Copy the records below exactly, from the line containing "DINING CHAIR OSORIO" through the last line, and leave out every picture.

== Materials provided ==

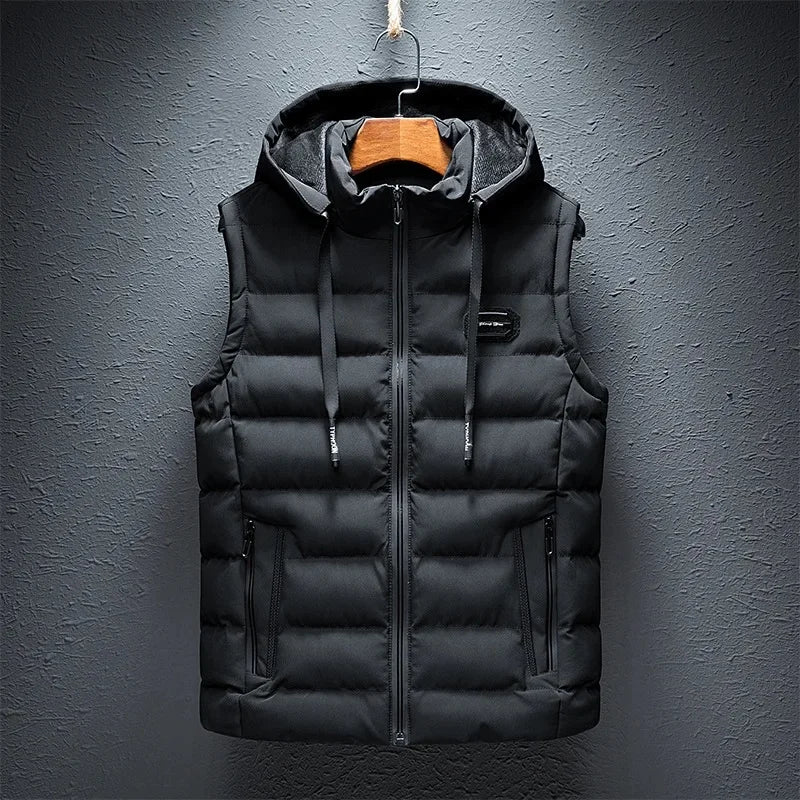 Mens Insulated Hooded Thickened Cotton Vest jacket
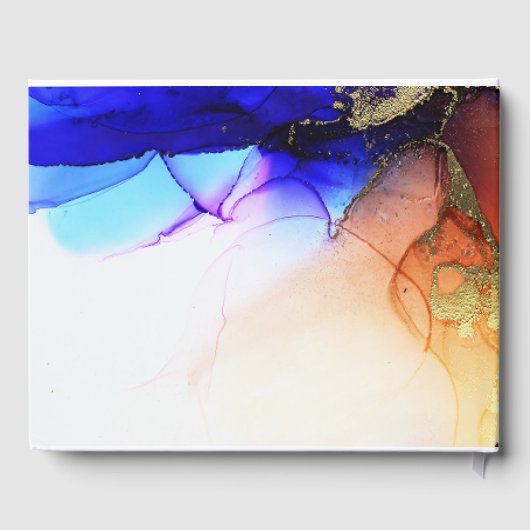 Vibranly Blue Orange Wedding Gästebuch (Rückseite)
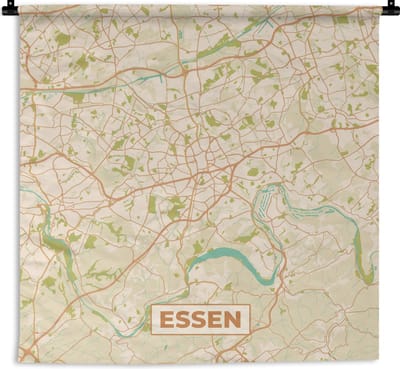 Wandkleed - Wanddoek - Essen - Vintage - Stadskaart - Plattegrond - Kaart - 180x180 cm - Wandtapijt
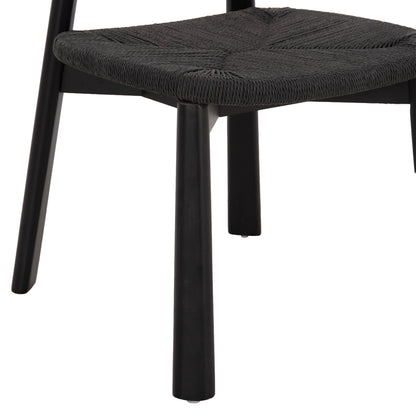 DINING CHAIR OSORIO HM18335.02 RUBBERWOOD & ROPE IN BLACK 51x55x74Hcm.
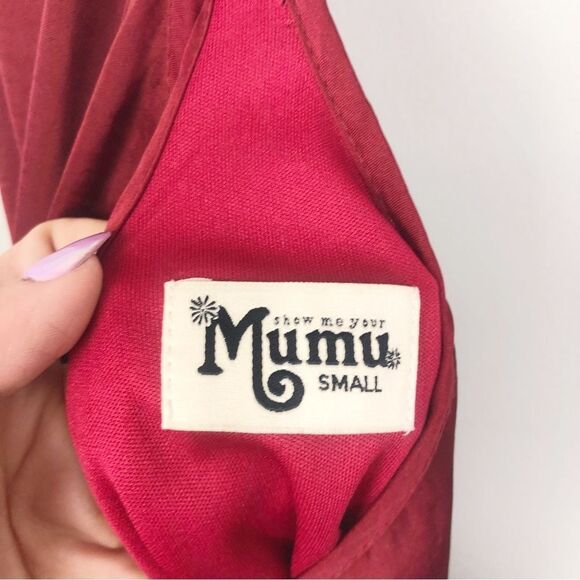 SHOW ME YOUR MUMU | Martini Burgundy Ruby Strappy Mini Dress Women’s Size Small - Picture 9 of 13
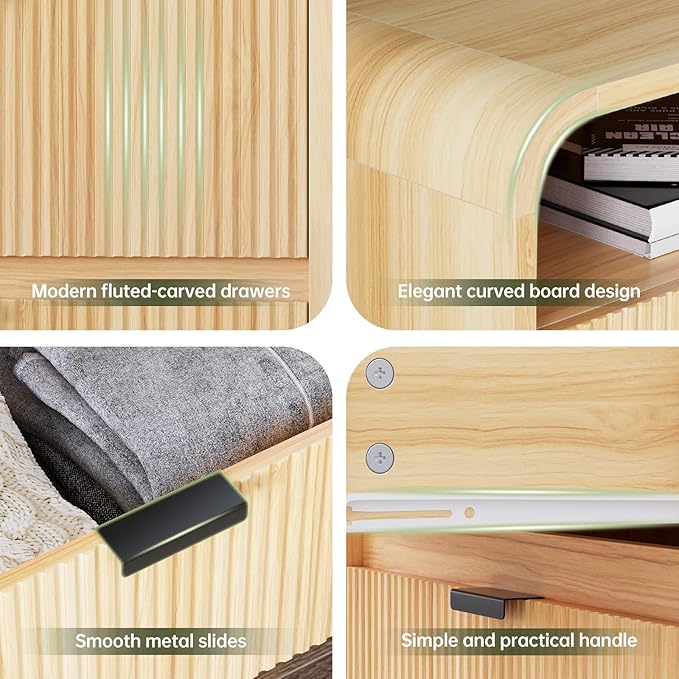 FURSUN 24" Fluted Nightstand with Charging Station, Wooden End Table with 2 Drawers Storage, Curved Profile Design, Modern Bedside Cabinet for Bedroom Living Room, Natural Oak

===

#### Exercise result
 DINING CHAIR OSORIO HM18335.02 RUBBERWOOD & ROPE IN BLACK 51x55x74Hcm.
 SHOW ME YOUR MUMU | Martini Burgundy Ruby Strappy Mini Dress Women’s Size Small - Picture 9 of 13
 FURSUN 24" Fluted Nightstand with Charging Station, Wooden End Table with 2 Drawers Storage, Curved Profile Design, Modern Bedside Cabinet for Bedroom Living Room, Natural Oak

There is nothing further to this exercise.